Как грабили Ротшильда. Любовь и миллионы - страница 6



Второе предисловие автора

Не стану следовать совету умудрённого опытом Квинта Горация Флакка, не буду отбрасывать начало и рассказывать сразу со средины. Люблю Горация, но странною любовью – рассудок мой подсказывает иное. У Горация, поэта несомненно талантливого, но беспечного, всего достигшего писанием совершенных стихов, нравившихся Меценату, попадаются, как выразился один из героев Гоголя, зернистые мысли, и в этом легко убедиться, взяв любое собрание латинских афоризмов. Там Гораций на каждой странице. Но должен же кто-то пренебречь его мудростью. Пускай этим «кто-то» буду я и поэтому начну повесть с самого начала, даже заглядывая в предысторию, а уж до середины доберусь попозже, и, надеюсь, вместе с тобой, мой нетерпеливый читатель.

Прежде всего нужно хотя бы в общих чертах описать главных героев. То есть Ротшильдов, это ведь у них молодой человек приятной наружности, одобряемый прекрасной Жоржеттой, так элегантно похитил тридцать миллионов франков. Легкомысленный читатель вправе воскликнуть: «Нет, нет, погоди, не лучше ли начать с молодого человека приятной наружности и прекрасной Жоржетты? Ведь на первый взгляд они куда более симпатичны и привлекательны, чем какие-то Ротшильды!»

«Э нет, – поначалу отвечу я легкомысленному читателю, – это так кажется только именно на первый взгляд. Но стоит как-нибудь поразмыслить и желательно поразмыслить логически, взвешивая на весах разума всё, что поддается взвешиванию, и сразу возникает вопрос: а не будь на белом свете Джеймса Ротшильда с его сейфами, в которых надёжно хранились тридцать миллионов франков, у кого бы молодой человек приятной наружности их похитил, как бы его ни умоляла сделать это прекрасная Жоржетта?»
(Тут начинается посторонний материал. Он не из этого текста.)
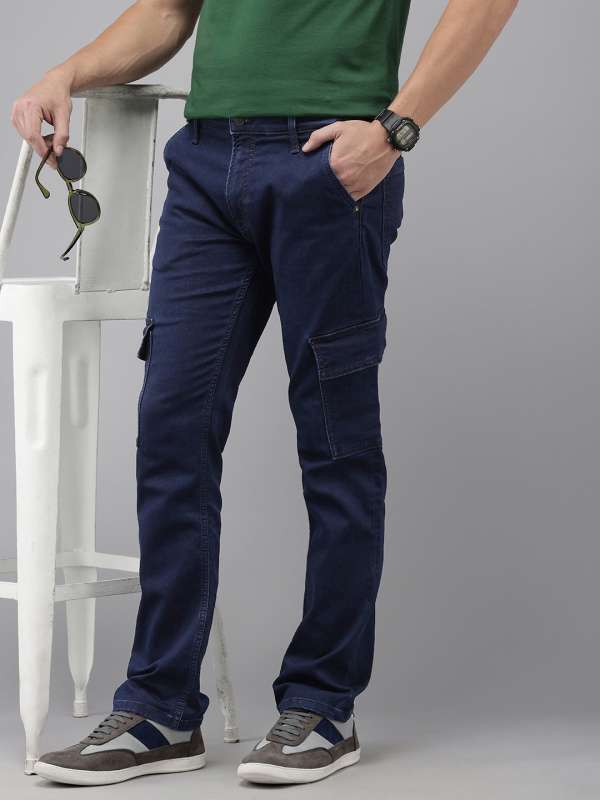 Mufti cargo pants sale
Поэтому начну всё-таки с Ротшильдов.

А кроме того, меня всегда занимает вопрос о нравственности.

Чтобы дать возможность читателю, жаждущему высоких истин и разного рода нравоучений, не задумываясь проглотить рассказ о том, как ловко молодой человек приятной наружности, вспоминая о прелестях Жоржетты, открыл ключами Ротшильда его же сейфы и без трудов праведных легко и даже с некоторым изяществом уменьшил состояние не в меру доверчивого банкира на тридцать миллионов, я недрогнувшей рукой вычеркнул из первоначальной рукописи почти все философские рассуждения.

Но что касается нравственности… Я, как и Гоголь, немею перед нравственностью. Без нравственности я – и не только я, но и очень многие другие в наше время, да и во все иные времена, – ни шагу.
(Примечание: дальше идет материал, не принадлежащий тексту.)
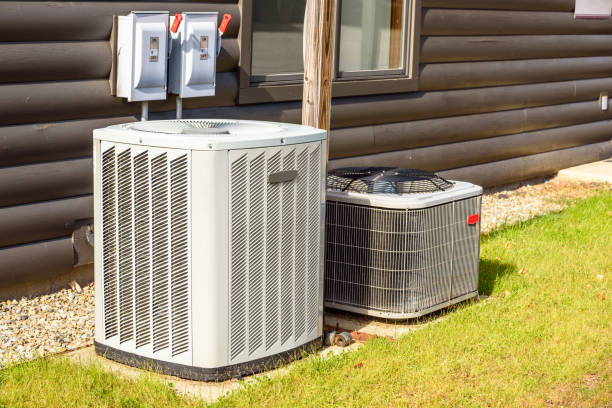 Local HVAC Companies in Bedford, VA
Нравственно ли поступил молодой человек приятной наружности, без спроса позаимствовав тридцать миллионов у Ротшильда, даже если учесть, что сделал он это не из слепой жажды наживы, а всего лишь ради нежных ласк прекрасной Жоржетты?

А нравственно ли то, что в сейфах у Ротшильда имелось тридцать миллионов? В результате нравственных ли действий или, если прибегнуть к возвышенной поэтической речи, деяний эти тридцать миллионов оказались в бронированных сейфах короля банкиров?
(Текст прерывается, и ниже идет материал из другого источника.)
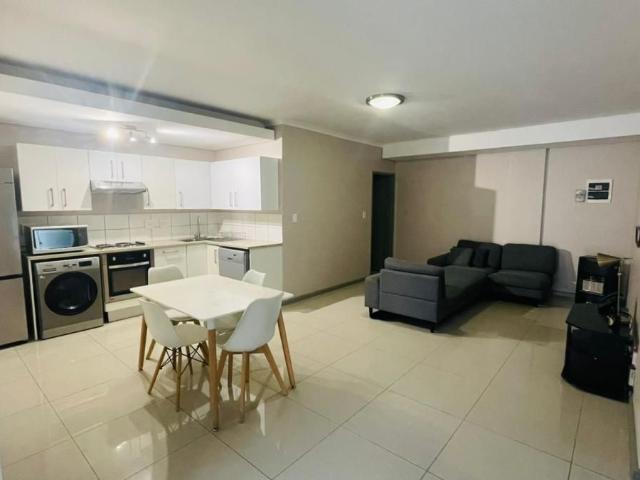 2 Bedroom apartment to rent in Woodstock, Cape Town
И что нравственнее: пустить эти тридцать миллионов в оборот, добиться за приличную взятку возможности провести пятипроцентный государственный займ и приумножить деньги, или прокутить их с весёлой Жоржеттой, всегда привлекательной и неудержимо увлекательной?

Кто тебе больше по сердцу, мой всегда справедливый и взыскательный читатель: финансовый золотарь всех монархов Европы старик Ротшильд, действительно похожий на безобразную обезьяну, или молодой человек, действительно приятной наружности вместе с обольстительной Жоржеттой?